Así se le llama, (la lucha por el poder) a la tarea más destructiva que el sistema político democrático, haya visto a lo largo de la historia, entendiendo desde luego, que de las tres formas de organización: la social, la económica y la política, es esta última la más aberrante y por demás criticada y envilecida: por la envidia, la codicia, la mentira, el cinismo y demás adjetivos peyorativos que usted pueda imaginar, encarnados todos ellos, en hombres y mujeres movidos totalmente por la más insana y nefasta de las condiciones humanas, la lucha por neutralizar, superar, o eliminar de ser necesario, al rival o contrincante.
Así es como la disputa por el poder, el sometimiento de los demás a los afanes y creencias propias, y el condicionamiento nunca excluyente, al beneficio personal y de grupos afines, se vuelven regla y praxis del quehacer cotidiano y generalmente aceptado.
Son luego entonces; tanto la traición, como más cuanto, el engaño, formas imperdonables pero reales y omnipresentes, de usufructuar un derecho civil y humano que corresponde únicamente y siempre para su bien, a la gente, a la que vota y también a la que por nauseas, o desafán, no lo hace. Falso entonces, que quien no vota, no tiene derecho a reclamar nada, mentira también y más aún, que las formas de organización y participaciones políticas reconocidas y generalmente aceptadas, sean los únicos causes para hacerse del derecho legítimo a gobernar una nación.
La formación y el ejercicio del poder, deben ser, más un sano, formativo y constructivo privilegio no retribuido, cuyos frutos y beneficios han de servir para favorecer a todos, electores y no electores, ciudadanos y no ciudadanos. ¿Quién? , dígame usted, amigo lector, podría tener la legitimidad moral suficiente para ungirse como un líder social, un conductor de masas, si a la vez, tiene acceso ilimitado al beneficio personal y familiar, a la posibilidad real de esconder, encubrir y auto-patrimonializar estos beneficios.

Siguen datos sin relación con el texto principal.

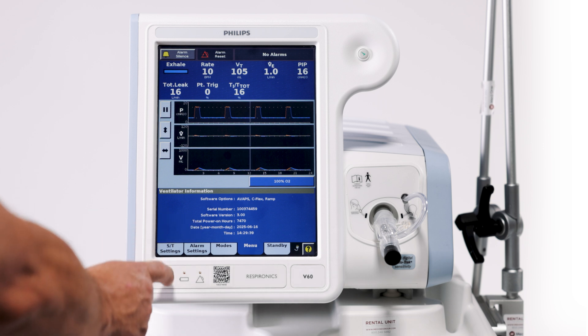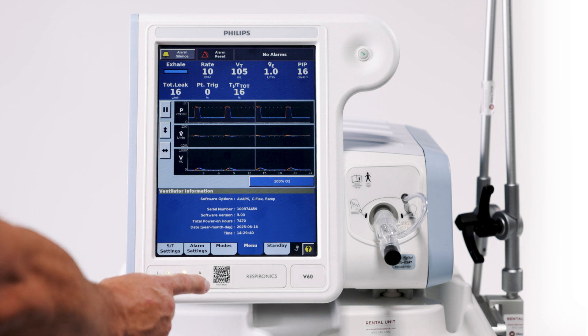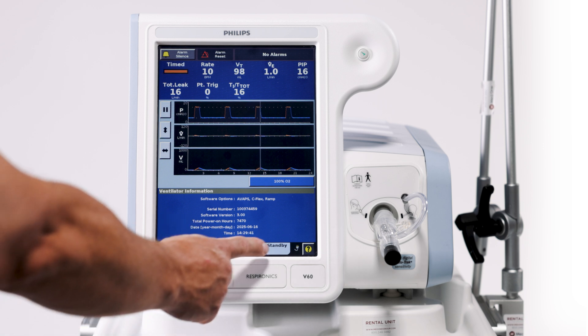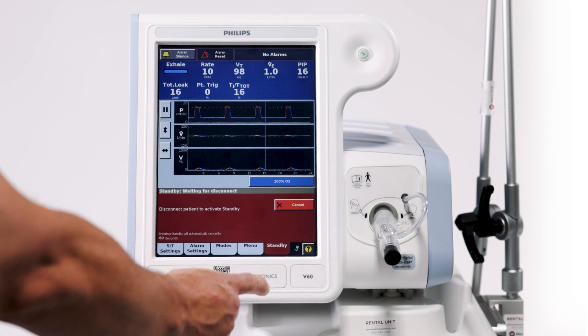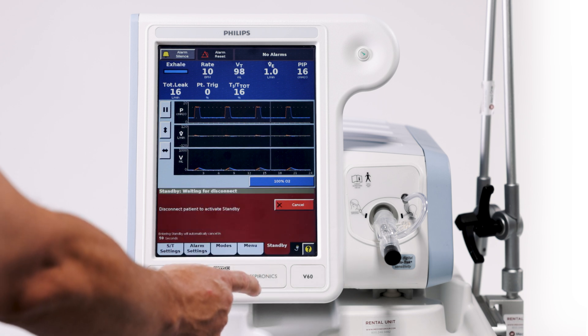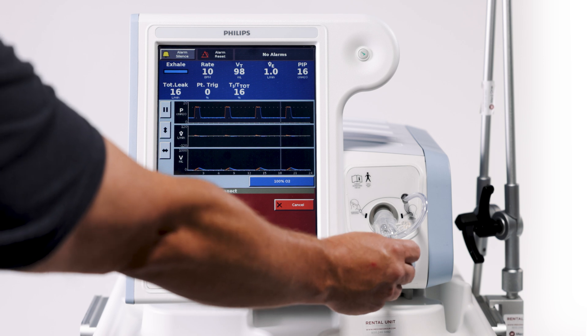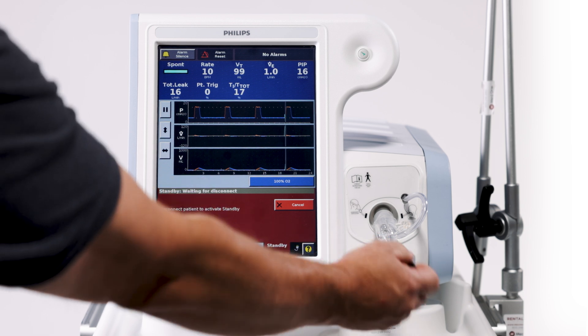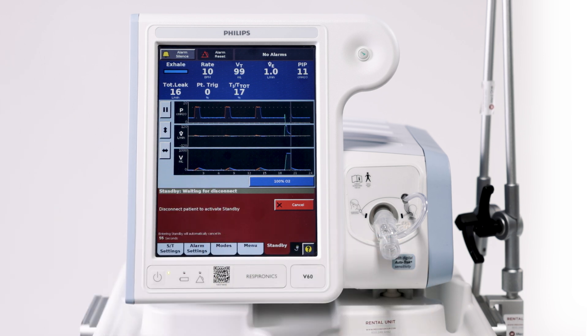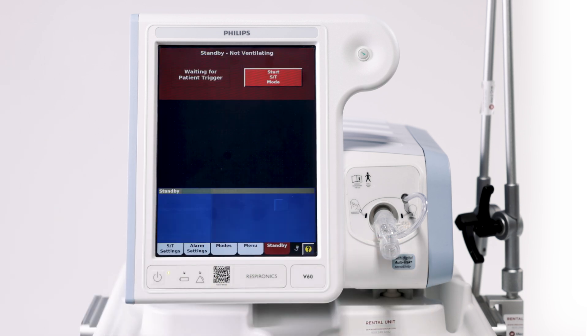To put this ventilator in standby mode, we're going to select standby. We're going to disconnect our patient and it'll return to standby mode.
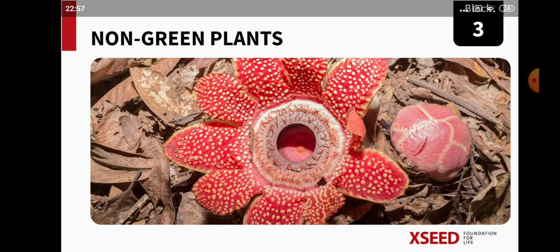Welcome back to another session of our chapter on adaptations in different plants. In LP1 we learned about aquatic plants, LP2 was about insectivorous plants, and now in LP3 we are going to learn about non-green plants.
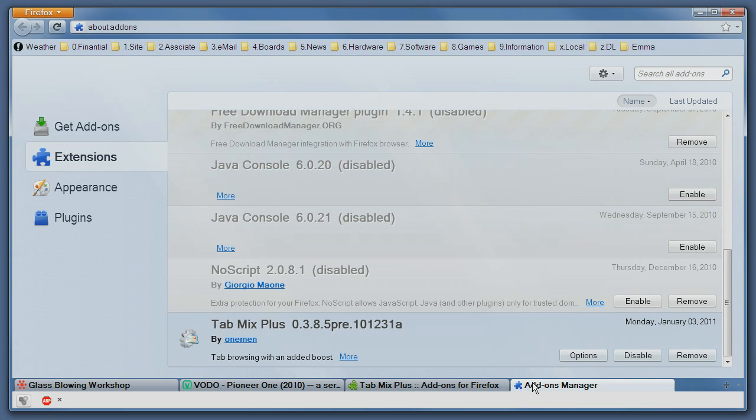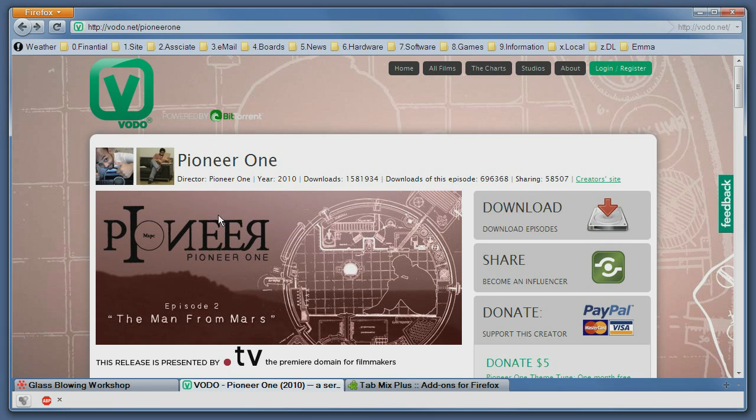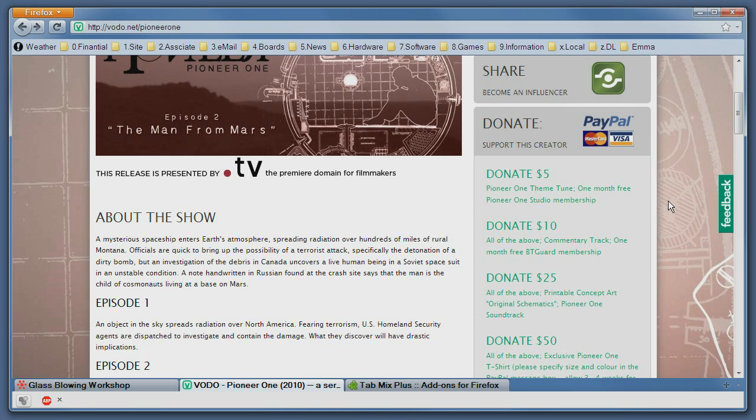Once you're done you can close this page and as a final note check out Pioneer 1. I like it and it's a good effort, it's created by public support and you can see it's basically a sci-fi series that's created using user donations so check it out. Thanks for listening.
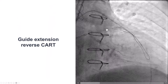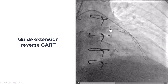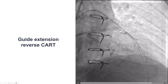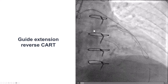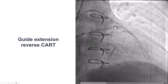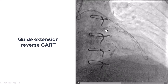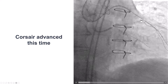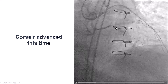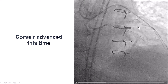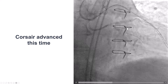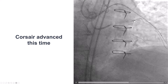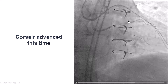We inserted a guide extension in the antegrade direction. Using the standard guide extension reverse CART technique, we were able to advance the retrograde guidewire inside the antegrade guide catheter. In contrast to the previous attempt where we could not get the retrograde microcatheter to advance, this time we were able — likely because we used a different re-entry point — to advance our retrograde Corsair into the antegrade guide extension.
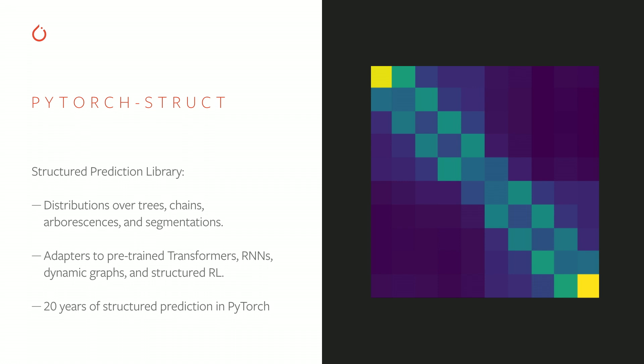There's a long history in natural language processing about using rich distributions over trees, chains, arborescents, and segmentations. You can think of these as the basic structures of grammar that you may have learned about in grade school.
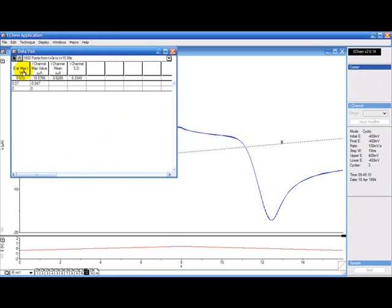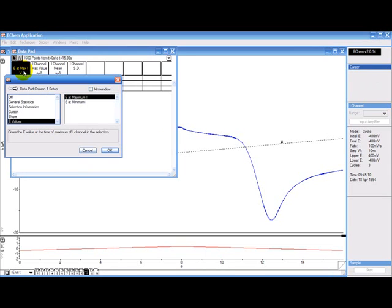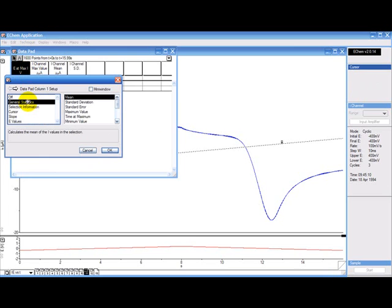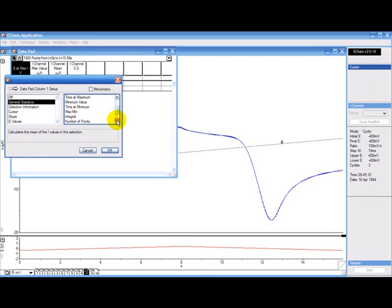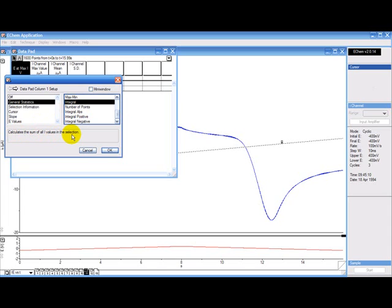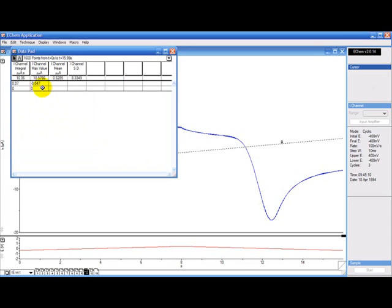You click on one of the columns and you need to find the integral. It's in general statistics. Here we have the integral. It says it calculates the sum of all i values in the selection. Click OK and you can now drag this value and close the data pad.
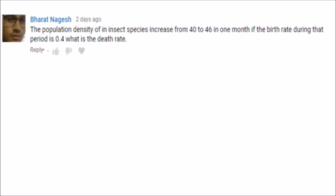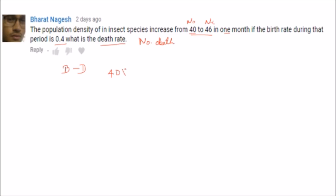The question is: the population density of an insect species increased from 40 to 46 in one month. If the birth rate during that period is 0.4, what is the death rate? To find the death rate, we need the number of individuals who died. The number of deaths is missing from the question, so we need to derive it. The number of births in one month = initial population × birth rate = 40 × 0.4.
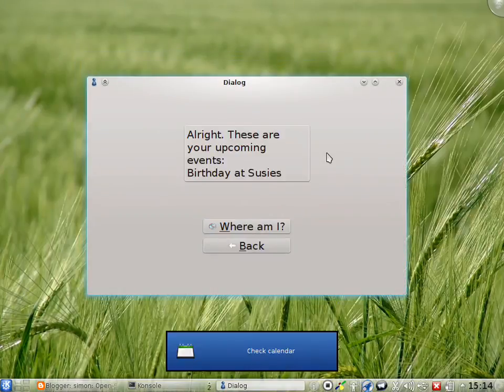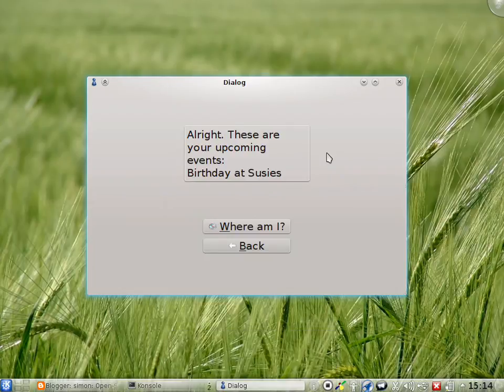Check calendar. Alright, these are your upcoming events. Birthday at Susie's. Please answer with any of the following options.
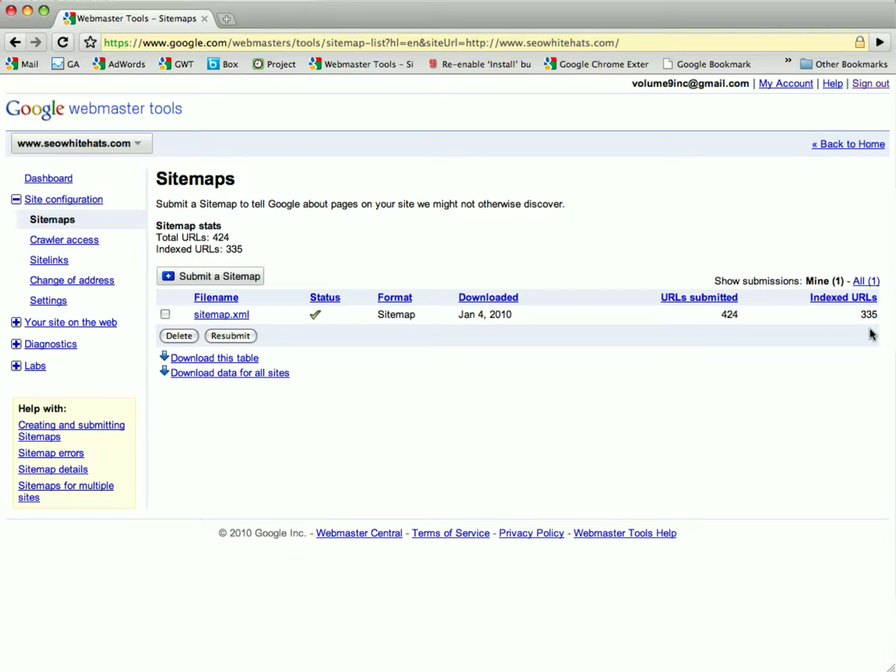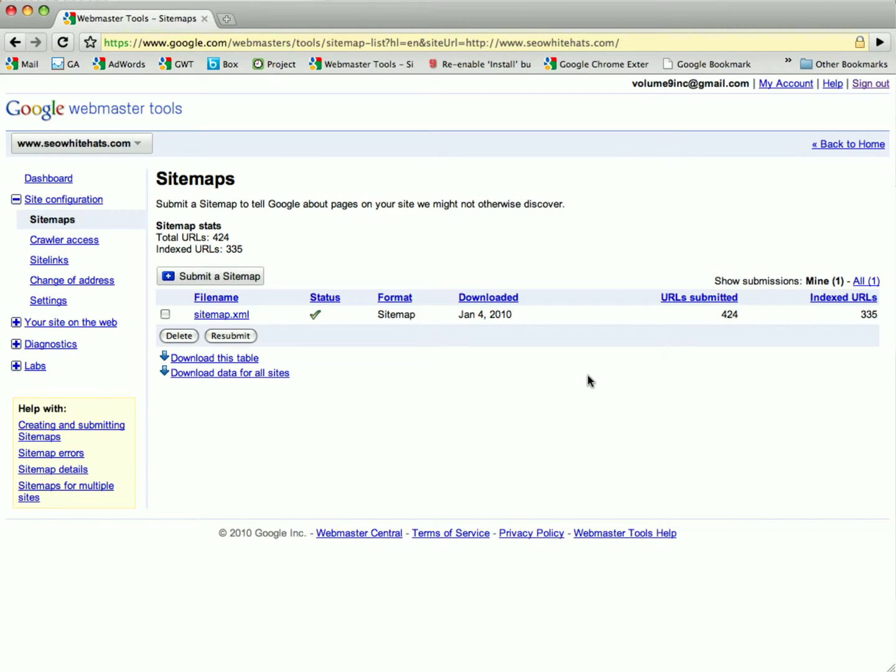So about a hundred of our URLs are not being indexed into the search engines as Google may not think those pages are important. But that's how simple it is to add a sitemap to Google Webmaster Tools.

No es que se quiera ver al ejercicio del poder, como un apostolado redentor y ennoblecido por el martirio y la abstinencia personal, es tan solo la necesidad moral y ética de no ir más allá, de ser justo ante sí y frente a todos. Las leyes, sus instituciones y las disposiciones venidas de ellas, son o pretenden ser, actos coercitivos del Estado, y no de moral social simple, son estos en verdad convenciones pactadas y convencionalismos convenidos. Luego entonces desde ahí, queda implícita la vocación natural y humana de violar la norma, de que es necesaria la acción coersitiva del Estado, para no incentivar o evitar en todo caso, el acto inmoral y el daño social.
Es por tanto que, a la formación y el ejercicio del poder se le habrá y ha visto históricamente como una fuente de corrupción, aceptada o tolerada, por los componentes de una nación, cuya cultura (costumbres, prácticas y creencias), obliga a espera, o recibir a cambio, los beneficios sociales y económicos colaterales o simplemente inclusivos.